### INSTRUCTIONS FOR THE TASK
Please output only the lines running from the one that contains "BMW wjechało prosto w budynek" through the last line of the data below, exactly as they stand, with no pictures.

### DATA SHOWN
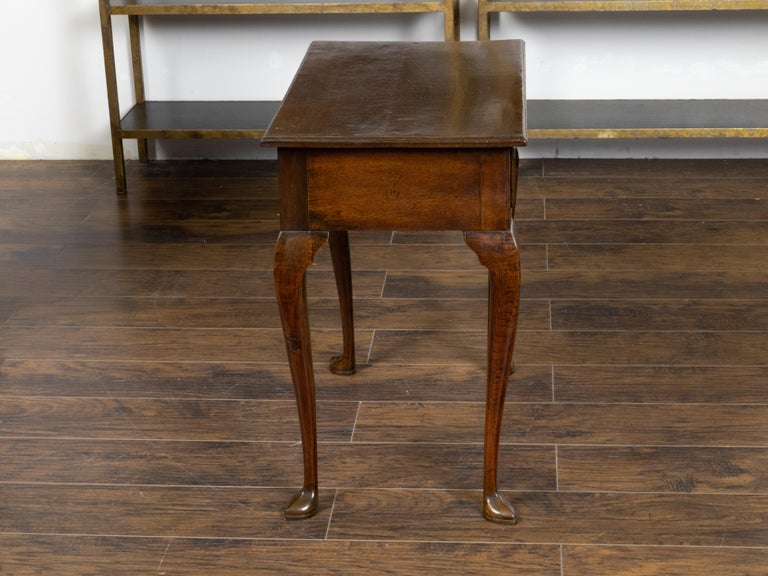 English 19th Century Oak Lowboy with Drawer, Chippendale Handle and Slipper Feet For Sale 2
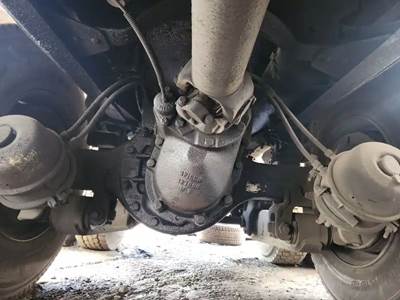 Dana-Spicer DS344 Front Differential for a 2000 Chevrolet C7500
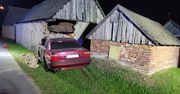 BMW wjechało prosto w budynek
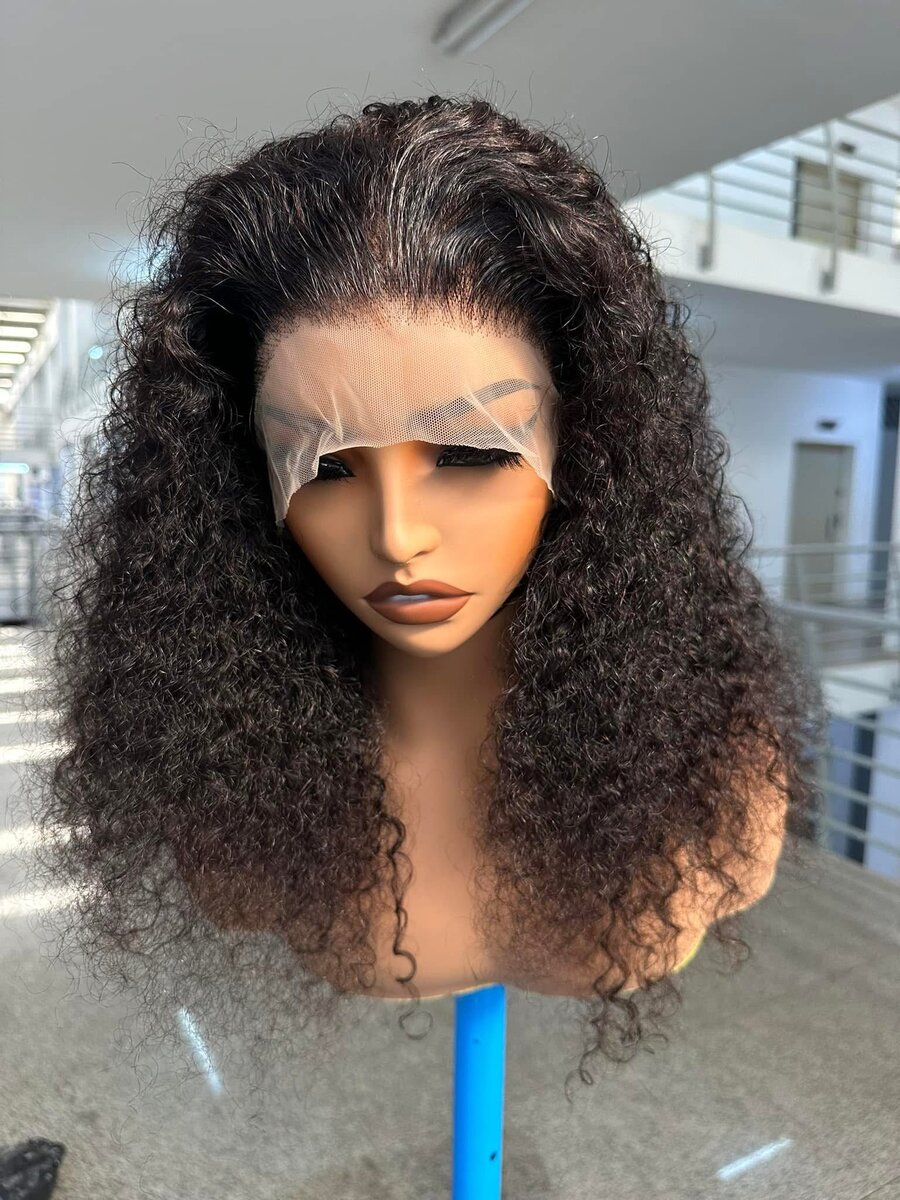 Perruque en dentelle bouclée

### EXERCISE RESULT
 BMW wjechało prosto w budynek
 Perruque en dentelle bouclée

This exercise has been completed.